Epstein était un expert en matière de paradis fiscaux et de montages opaques permettant le blanchiment de fonds. Si au début il a pu se rendre utile pour transférer des fonds russes d'origine douteuse dans des établissements occidentaux, à partir de 2014 son rôle est devenu doublement précieux. D'une part dans le contournement des sanctions, d'autre part grâce à son réseau qui lui permettait d'envoyer au Forum économique de Saint-Pétersbourg des chefs d'entreprise occidentaux de premier plan intéressant le Kremlin.

Cette aide était cruciale pour Moscou à un moment où de nombreux Occidentaux boycottaient la Russie. En retour, ses interlocuteurs russes mettaient à sa disposition leur réseau de souteneurs dans les provinces russes, qui rabattaient vers lui de très jeunes filles. Ce trafic humain n'échappait certainement pas à l'attention du FSB.

Les jeunes femmes russes de l'entourage d'Epstein

De Russie, Epstein ne recevait pas que des adolescentes. De nombreux témoins ont remarqué qu'il était toujours entouré de jeunes femmes russes aux profils étonnants. Parmi elles, son assistante Svetlana (Lana) Pozhidaeva, qui a obtenu un visa de talent O-1 aux États-Unis grâce à une lettre de recommandation de Beliakov.

Diplômée du prestigieux Institut d'État des relations internationales de Moscou (MGIMO), l'académie du ministère des Affaires étrangères qui forme les diplomates et les agents du renseignement russes, polyglotte, elle s'est installée brusquement aux États-Unis.
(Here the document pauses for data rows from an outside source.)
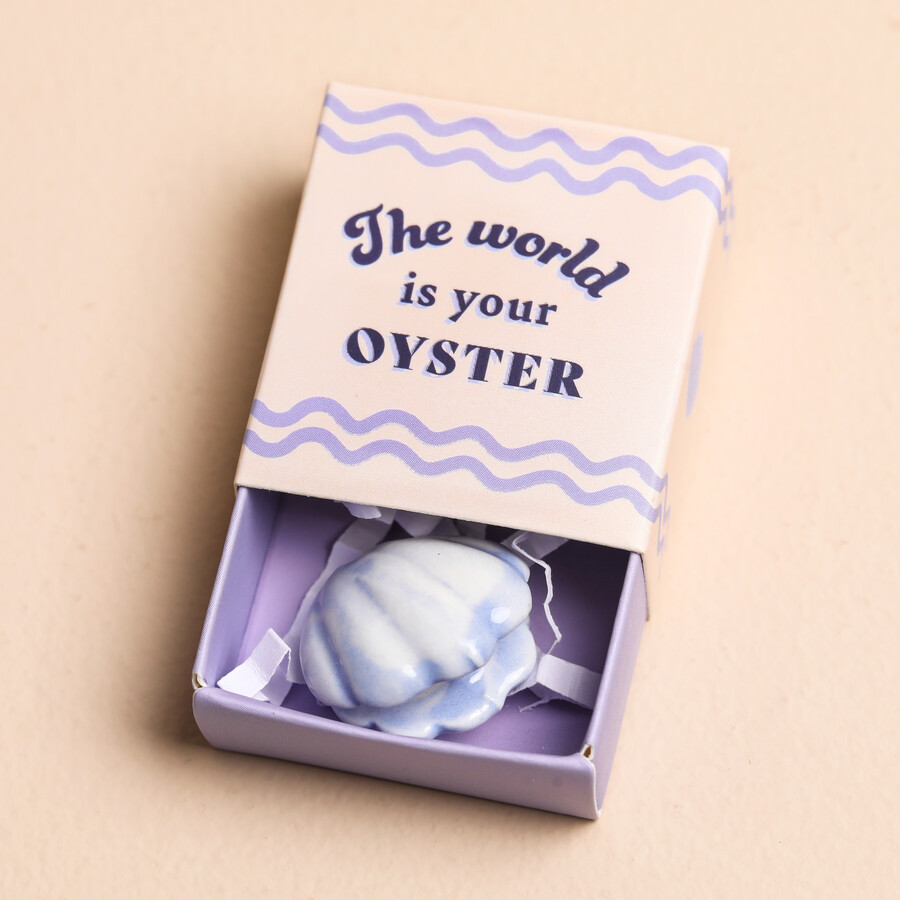imgi_52_76640-tiny-matchbox-ceramic-oyster-pearl-token-4x3a3259copy-900x900.png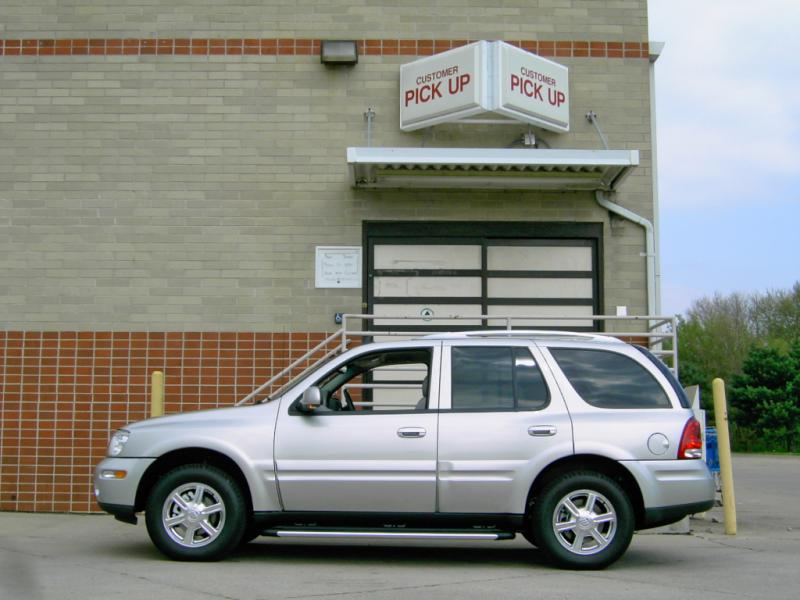 2005 Buick Rainier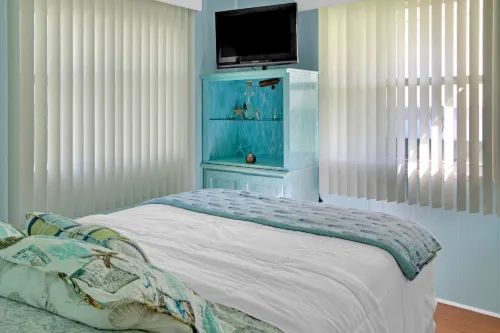 2 BR, 2 B Home.w/ Golf Cart  Located in The Villages.1 Mile from Spanish Springs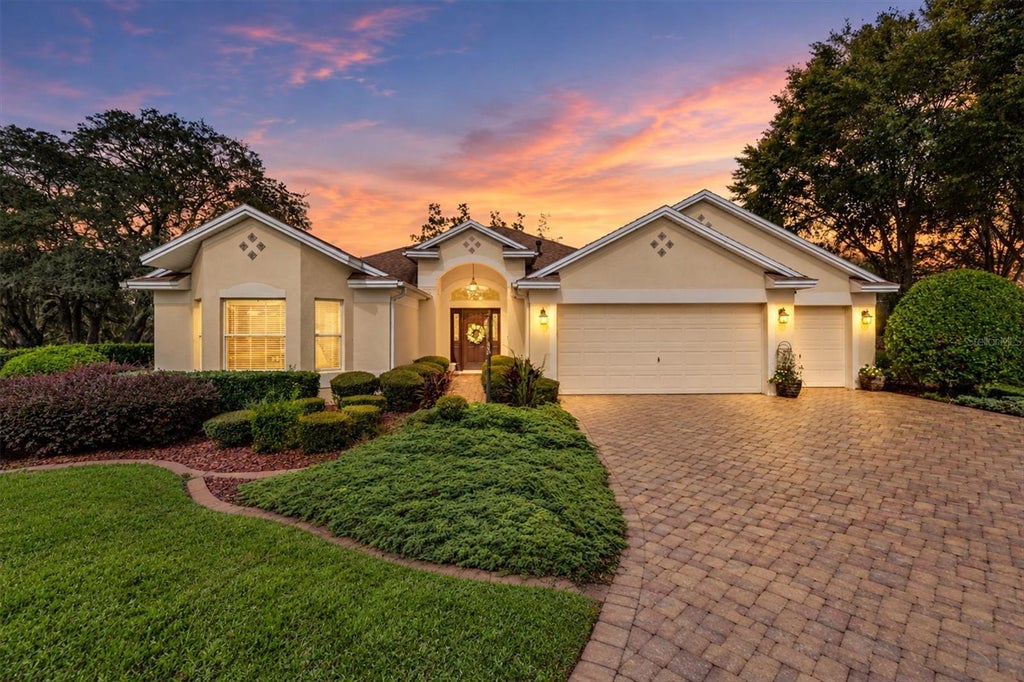 Photo of 17765 SE 85th Causton Court, The Villages, FL 32162 (MLS # A4708096)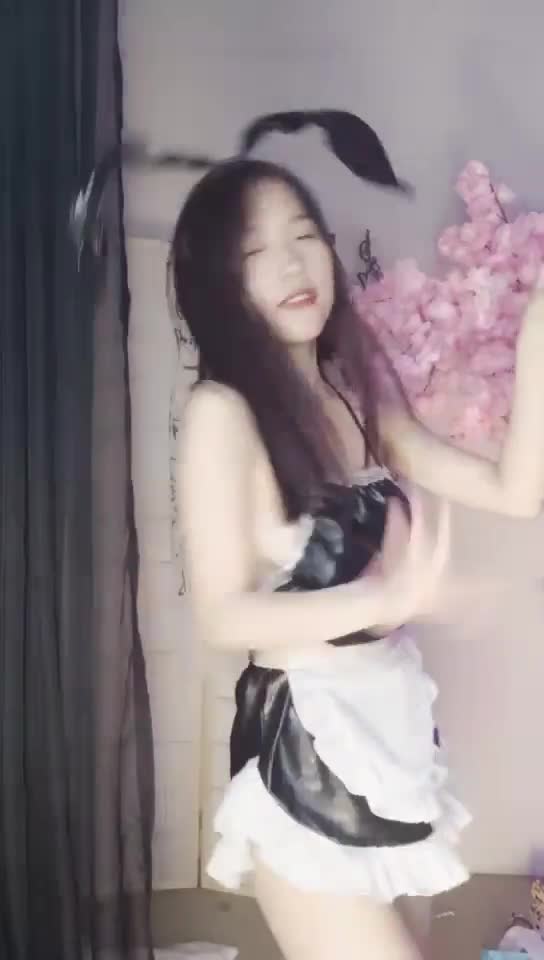 超清纯的18岁合法萝莉！舞蹈校花 #萝莉小羊 尺度升级啦滴蜡，炮击！夹子音简直了，全身粉嫩，治愈洗眼美眉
Epstein lui a donné les fonds permettant de se lancer dans le caritatif et lui a octroyé 50 000 dollars au profit de la Fondation OpenCog, un projet visant à développer un nexus d'intelligence artificielle open source.

Une autre collaboratrice d'Epstein, Macha Drokova, avait un CV encore plus pittoresque. Cette passionaria des Jeunesses poutiniennes, Nachi, décorée par le président russe pour ses services à la patrie, est devenue attachée de presse du milliardaire. En 2017, elle s'est chargée de blanchir sa réputation en lui conseillant de financer un documentaire consacré à sa personne et d'instituer un « prix Epstein » récompensant les jeunes chercheurs talentueux.

La technique du kompromat

La technique du « kompromat », vieille technique soviétique systématisée par Poutine, était aussi pratiquée par Epstein. Il avait organisé une sorte de supermarché du « kompromat », c'était pour lui un business. On s'est souvent interrogé sur l'origine de sa colossale fortune, sans proportion avec ses opérations dans la finance. Il tirait certainement d'importants revenus du chantage et de la vente du « kompromat » aux plus offrants.

Mais depuis 2000, Poutine a fait aussi du « kompromat » un moyen de gouvernement et un outil de projection de puissance hors de la Russie. Le recrutement des élites étrangères est une priorité depuis cette époque. On a vu le rôle joué par Gazprom dans cette politique, alors pourquoi pas Epstein ?

L'héritage de Robert Maxwell

Dès la fin de la Seconde Guerre mondiale, Robert Maxwell naviguait entre différents services d'espionnage : britanniques, sionistes et soviétiques. Il a monté sa maison d'édition, Pergamon Press, avec l'aide d'un financement du MI6. Dans les années 1950, le FBI a mené une enquête sur ses liens avec Moscou, concluant que rien ne prouvait qu'il était impliqué dans « des actes d'espionnage ».

Maxwell jouait plutôt le rôle d'un agent d'influence de Moscou. En 1968, il a pris publiquement la défense de l'intervention soviétique en Tchécoslovaquie. Il a été invité à Moscou par Brejnev et ses successeurs, financé par l'agit-prop du Comité central. Maxwell est un précurseur d'Epstein dans la mesure où il a mis en œuvre une stratégie consistant à utiliser la richesse pour accéder aux grands de ce monde et augmenter sa fortune grâce à un carnet d'adresses bien garni et des relations occultes avec différents services de renseignement.

On sait désormais qu'Epstein a rencontré Robert Maxwell avant sa mort en 1991, par l'intermédiaire de sa fille Ghislaine. La date exacte de la rencontre entre Ghislaine et le millionnaire new-yorkais est encore imprécise : elle est capitale, car elle détermine la question de l'héritage potentiel de Maxwell. Fut-il un protégé et un disciple du magnat britannique ? Les modus operandi des deux hommes se répondent en tout cas.